- _PROMPT_
In the material below, identify each line bearing the word "Used". Reproduce those lines.

--*--

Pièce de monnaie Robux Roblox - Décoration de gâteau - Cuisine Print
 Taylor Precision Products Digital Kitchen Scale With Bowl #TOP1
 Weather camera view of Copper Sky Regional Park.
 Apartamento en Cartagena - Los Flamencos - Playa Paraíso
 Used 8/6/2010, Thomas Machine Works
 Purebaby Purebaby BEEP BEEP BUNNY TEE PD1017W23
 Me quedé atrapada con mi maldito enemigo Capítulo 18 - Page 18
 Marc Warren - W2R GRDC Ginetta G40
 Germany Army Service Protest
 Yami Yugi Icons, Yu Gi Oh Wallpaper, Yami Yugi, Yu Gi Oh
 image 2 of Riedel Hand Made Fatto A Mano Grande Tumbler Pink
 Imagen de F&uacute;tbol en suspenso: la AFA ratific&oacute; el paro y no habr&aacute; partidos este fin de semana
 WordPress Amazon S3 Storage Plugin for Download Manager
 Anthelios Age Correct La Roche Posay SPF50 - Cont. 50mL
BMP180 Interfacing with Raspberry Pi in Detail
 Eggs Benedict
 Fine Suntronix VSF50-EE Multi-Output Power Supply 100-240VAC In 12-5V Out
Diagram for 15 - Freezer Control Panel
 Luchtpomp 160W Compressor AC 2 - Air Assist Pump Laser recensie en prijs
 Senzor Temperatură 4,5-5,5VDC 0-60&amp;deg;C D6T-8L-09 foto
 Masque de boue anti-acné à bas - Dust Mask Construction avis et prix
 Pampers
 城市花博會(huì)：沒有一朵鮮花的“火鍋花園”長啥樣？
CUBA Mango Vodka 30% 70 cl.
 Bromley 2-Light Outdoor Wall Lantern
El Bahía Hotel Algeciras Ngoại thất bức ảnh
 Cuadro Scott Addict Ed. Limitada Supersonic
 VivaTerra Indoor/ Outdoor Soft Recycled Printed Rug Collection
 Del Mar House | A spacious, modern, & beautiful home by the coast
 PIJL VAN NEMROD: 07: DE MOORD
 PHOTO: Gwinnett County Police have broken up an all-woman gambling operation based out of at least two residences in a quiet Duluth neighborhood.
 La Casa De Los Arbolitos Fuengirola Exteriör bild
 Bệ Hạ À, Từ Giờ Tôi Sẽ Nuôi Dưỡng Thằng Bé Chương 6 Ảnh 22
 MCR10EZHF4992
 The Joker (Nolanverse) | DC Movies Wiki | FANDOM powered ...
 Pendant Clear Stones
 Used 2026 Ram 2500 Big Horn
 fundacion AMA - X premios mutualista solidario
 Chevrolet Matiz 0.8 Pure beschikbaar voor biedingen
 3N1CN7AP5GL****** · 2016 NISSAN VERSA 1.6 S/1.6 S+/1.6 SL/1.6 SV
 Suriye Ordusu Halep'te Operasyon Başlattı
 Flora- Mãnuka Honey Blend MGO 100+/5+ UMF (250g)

--*--

- _TASK RESPONSE_
 Used 8/6/2010, Thomas Machine Works
 Used 2026 Ram 2500 Big Horn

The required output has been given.